Directions:
Retype the listing exactly, with no images.

Stored data:
━━━━━━━━━━━━━━━━━━━━

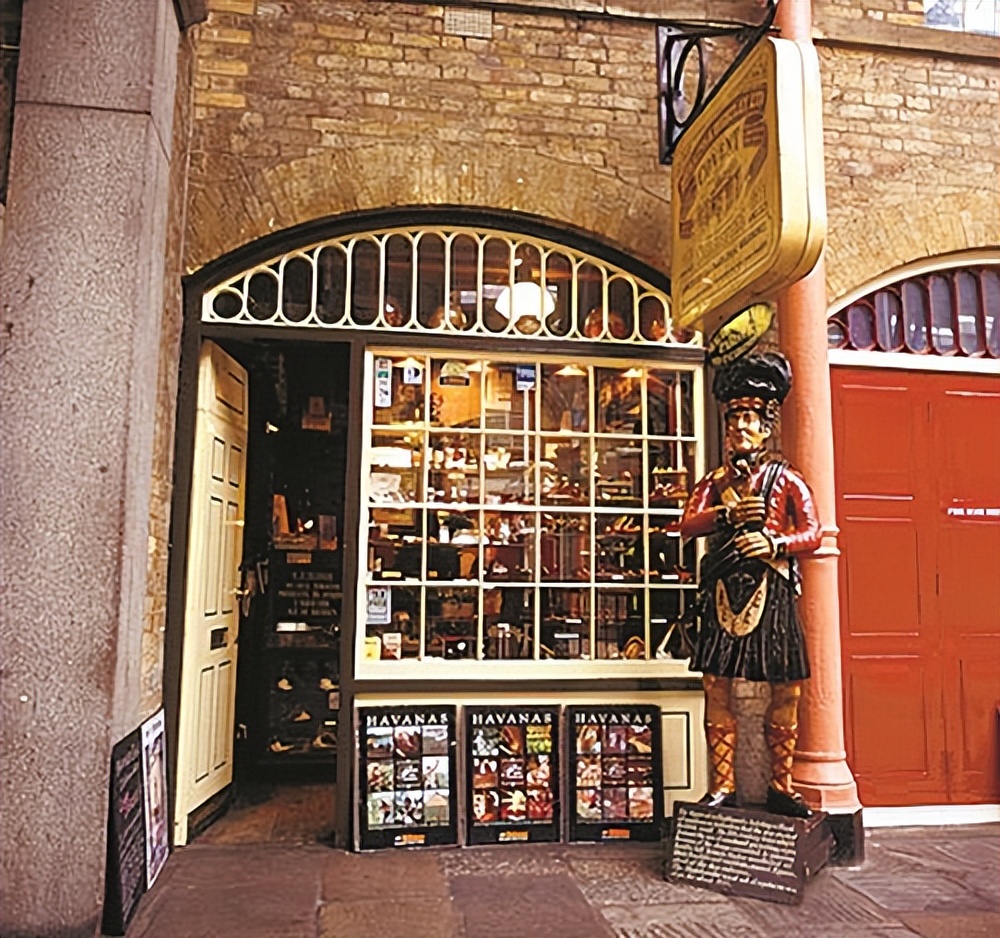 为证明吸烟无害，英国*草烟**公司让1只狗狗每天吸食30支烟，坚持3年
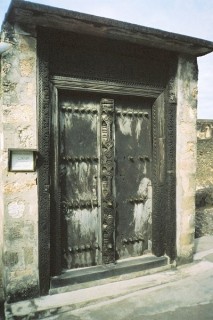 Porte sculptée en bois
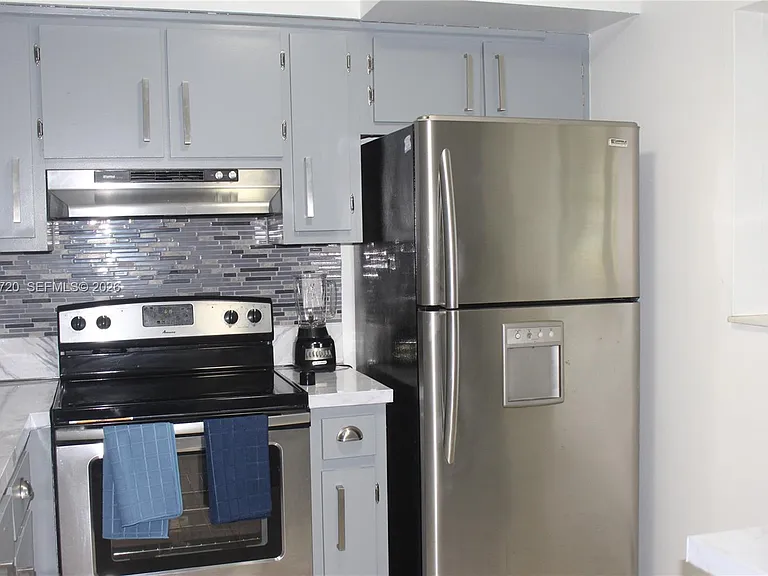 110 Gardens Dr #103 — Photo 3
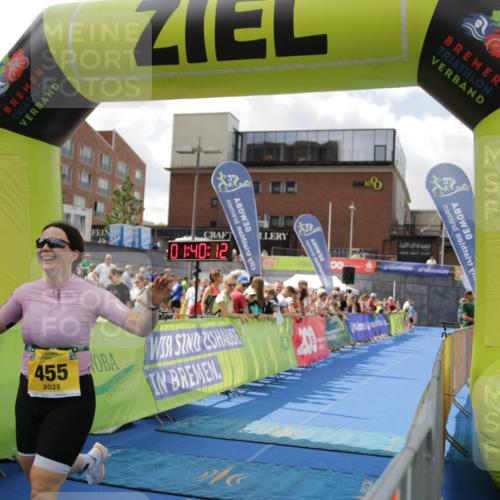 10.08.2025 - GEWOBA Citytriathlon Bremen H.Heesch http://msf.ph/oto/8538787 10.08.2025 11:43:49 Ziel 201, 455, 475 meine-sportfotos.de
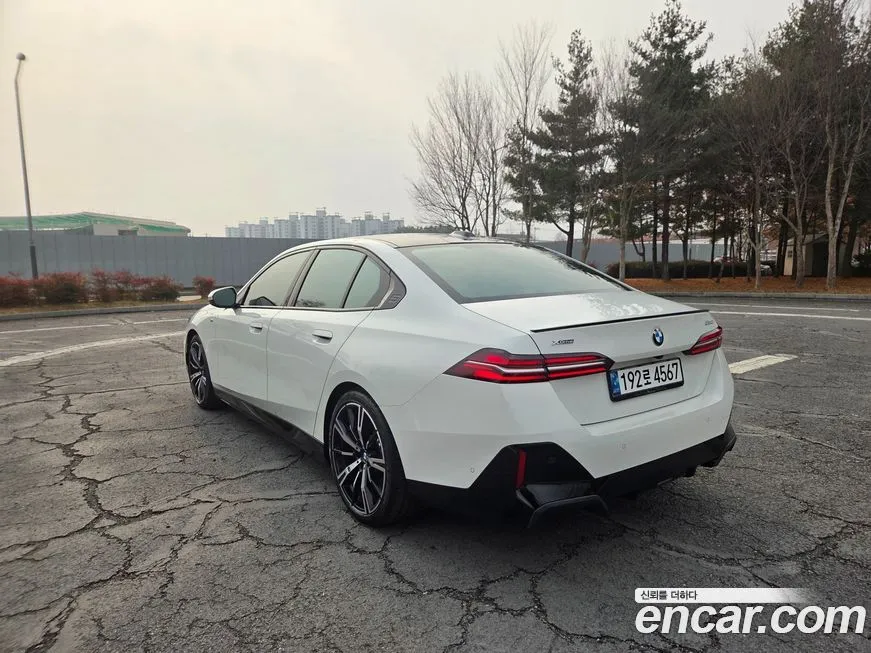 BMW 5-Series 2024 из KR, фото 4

━━━━━━━━━━━━━━━━━━━━

Output of the exercise:
 为证明吸烟无害，英国*草烟**公司让1只狗狗每天吸食30支烟，坚持3年
 Porte sculptée en bois
 110 Gardens Dr #103 — Photo 3
 10.08.2025 - GEWOBA Citytriathlon Bremen H.Heesch http://msf.ph/oto/8538787 10.08.2025 11:43:49 Ziel 201, 455, 475 meine-sportfotos.de
 BMW 5-Series 2024 из KR, фото 4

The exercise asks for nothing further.